Taste should probably be able to use a "silent" ffs_sbget mode to avoid printing anything. This is like the GEOM equivalent of every newbus driver printing a message on failed probe.
I was expecting not to see any message at all.
I don't quite understand why the test is generating these errors in the first place. If the checksum is failing, it means that we saw the UFS2 magic number in the superblock, so we're probably not looking at random garbage. Is it possible the taste is racing with synchronization of a new gmirror disk, and seeing a partial write of a copied superblock?
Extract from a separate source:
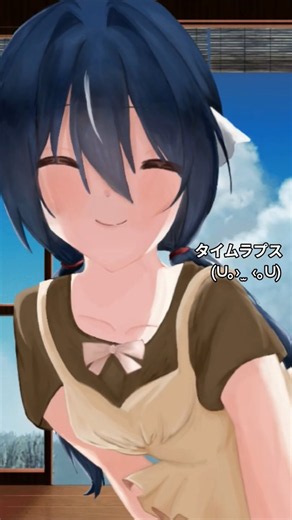 @さち-b3v9m 【タイムラプス】さち描いてみた〜背景フリー画像！ #イラスト #タイムラプス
(In reply to Mark Johnston from comment #9) It is an out-of-date superblock from a filesystem that did not do superblock check hashes (while the current one does do check-hashes). So the correct thing to do is just reject it silently rather than reporting why it was rejected.
The test uses a memory disk. This is basically what the test does: for i in `jot 8`; do while [ -f $cont ]; do for u in md${u1}p2 md${u1}p3; do gmirror forget test gmirror remove test $u gmirror insert test $u done 2>/dev/null done & done
I have uploaded a self contained version of the test scenario to: https://people.freebsd.org/~pho/graid1_7s2.sh I have run this on three different hosts, all with the same result.
A commit references this bug: Author: mckusick Date: Tue Aug 6 18:10:34 UTC 2019 New revision: 350651 URL: https://svnweb.freebsd.org/changeset/base/350651 Log: A race condition existed between the time a UFS/FFS superblock check hash was computed and the time that the superblock was copied to a buffer to be written to disk. The result was a failed superblock check hash the next time that the superblock was read. The fix is to compute the check hash after the superblock has been copied to a buffer to be written. PR: 236504 Reported by: Peter Holm Tested by: Peter Holm Sponsored by: Netflix Changes: head/sys/ufs/ffs/ffs_vfsops.c
The -r350651 commit resolves the check-hash failures. No need to MFC as superblock check hashes are not in 12-stable.